When writing this article and looking for images related to entrepreneurship, entrepreneurial attitude and innovation to serve as cover or references to be used, there were always images of people in suits jumping off cliffs. But what came to my mind was:
“Jeez, there’s no image that reminds me of a designer or even someone outside the admin’s stereotype!”
Which led me to think a lot about the entrepreneurial culture in relation to Design and also if in our graduations the entrepreneurship is treated as an important topic. After all, we are living in times when Design is increasingly incorporated into the strategic core of organizations – be they companies, industries or even NGOs – to assist in decision making and often guide the innovation process in these.
But the big question is: are we being prepared in our undergraduate degrees to work at the strategic level of Design? Or are we just being prepared to perform tasks at operational levels?
During my undergraduate degree, this was already a somewhat unsettling affair among my circle of friends, as we really believed that it was necessary to further discuss at the undergraduate level the importance of the strategic role of the current design.
After all, according to FUMEC University professor Marcos Breder Pinheiro, design education is focused on the application of so-called “classic” methodologies, passing on to students the values established in previous years of design consolidation in Brazilian companies.
The professor states that a review of the academic design education in Brazil is necessary to try to dialogue with the current world order. For if in previous years, the academic concern was focused on the insertion of the young designer in the job market, now it must be linked to the building of professionals capable of think and product innovation.
At the moment the teacher uses the word “think” he refers precisely to the designer present in the strategic core of organizations, the designer who assists in the decision making of organizations and ultimately generates innovation and consequently competitive value for them.
One of the biggest challenges and inspiration that motivates me and my partners in Sabiá – Collaborative Design, is to highlight the importance and potential of Design acting at the strategic level of organizations. It is not easy at all, but it is extremely gratifying to achieve better results for these organizations and to know that it was Design that guided this process.
Still in undergraduate, we attended a discipline called “Design Management” and also another called “Entrepreneurship”. But in conversations with my friends — those who are my partners today — we always wondered if just these disciplines were enough to make us enterprising designers capable of acting at the strategic level of Design.
The conclusion I came to is that these disciplines are not enough for this since there is no direct contact with the market, nor contact between these disciplines that may well complement each other and make the achievement much better.
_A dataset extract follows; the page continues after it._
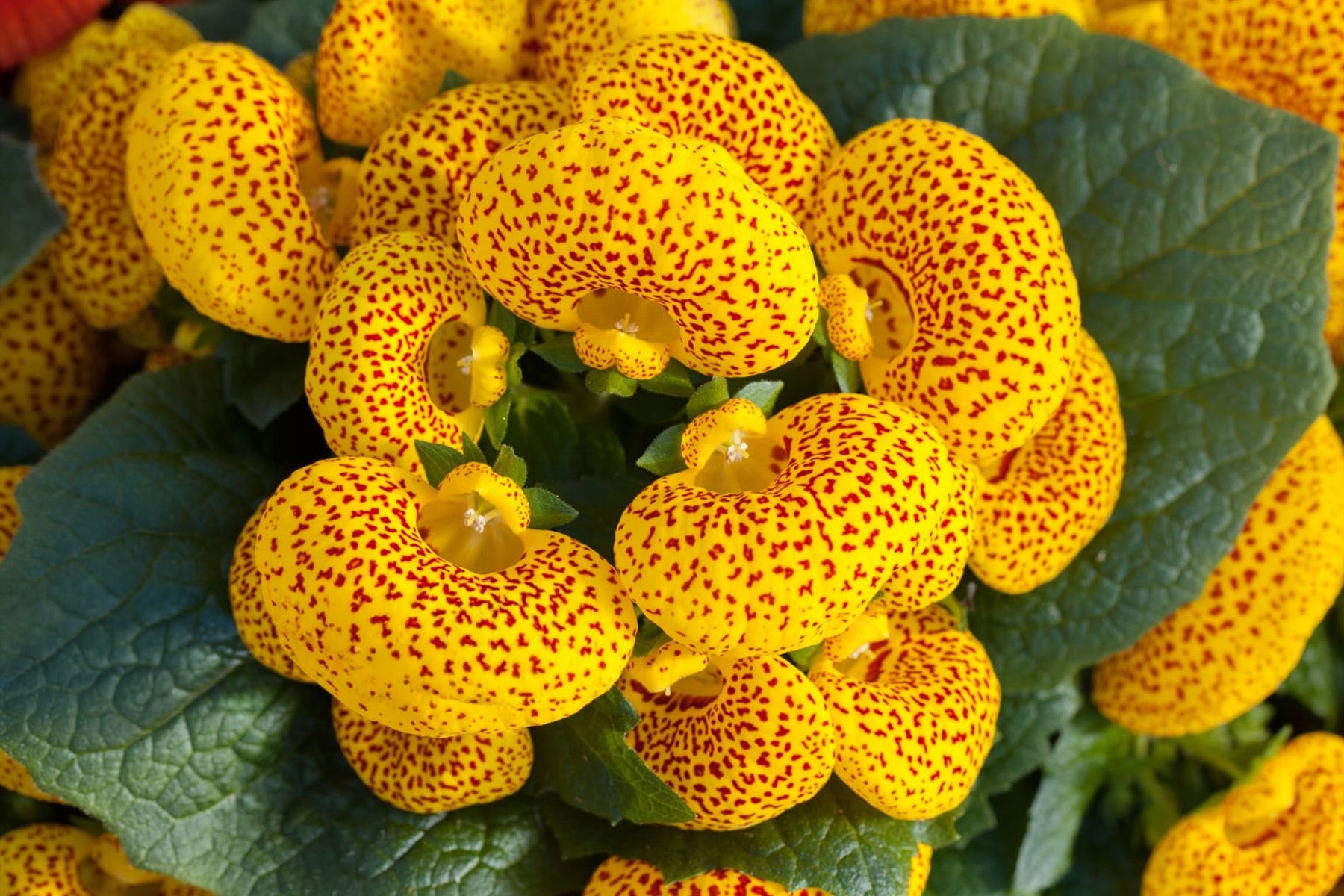 Calceolaria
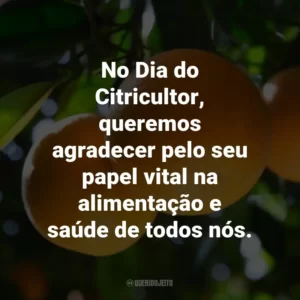 No Dia do Citricultor, queremos agradecer pelo seu papel vital na alimentação e saúde de todos nós.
After all, it would be two workloads focused on one goal: to train designers who can think and produce innovation.
At first, I thought it was just something we thought because of the experience we had. But, according to Professor Marcos Breder Pinheiro, the methodology used in the classroom often does not contribute to a broad formation of the professional future, due to the lack of a critical analysis of the current world context. The student is created to follow an “imaginary” briefing (once it is not always possible to have direct access to the companies).
The teacher also points out as a solution to this problem, the change of perspective in the classroom, since it is necessary that the goal for product development is less tied to the product itself and more to the critical development of the student himself, giving you the responsibility for your own future. For in this way, the large contingent of young designers who arrive every year in the job market and cannot achieve a full positioning, with decent and fair wages, will not go unnoticed.
“Encouraging students to gain a broad view of market opportunities, to glimpse innovative ways of inserting their products and themselves into the competitive globalized market is a new methodological path that can be explored. We’re on the brink of following the same formula, creating professionals for a “perfect world” of jobs in small and medium-sized industries and businesses, or building on knowledge that values their ability to tap into the countless opportunities of the new age. ”
Despite concluding that the subjects we studied were not enough to make us thinking designers capable of producing innovation. I could see that this motivated me to seek knowledge beyond the classroom walls and make me a protagonist in this quest. And consequently, it led me to participate in various extracurricular activities that further enhanced my mental repertoire.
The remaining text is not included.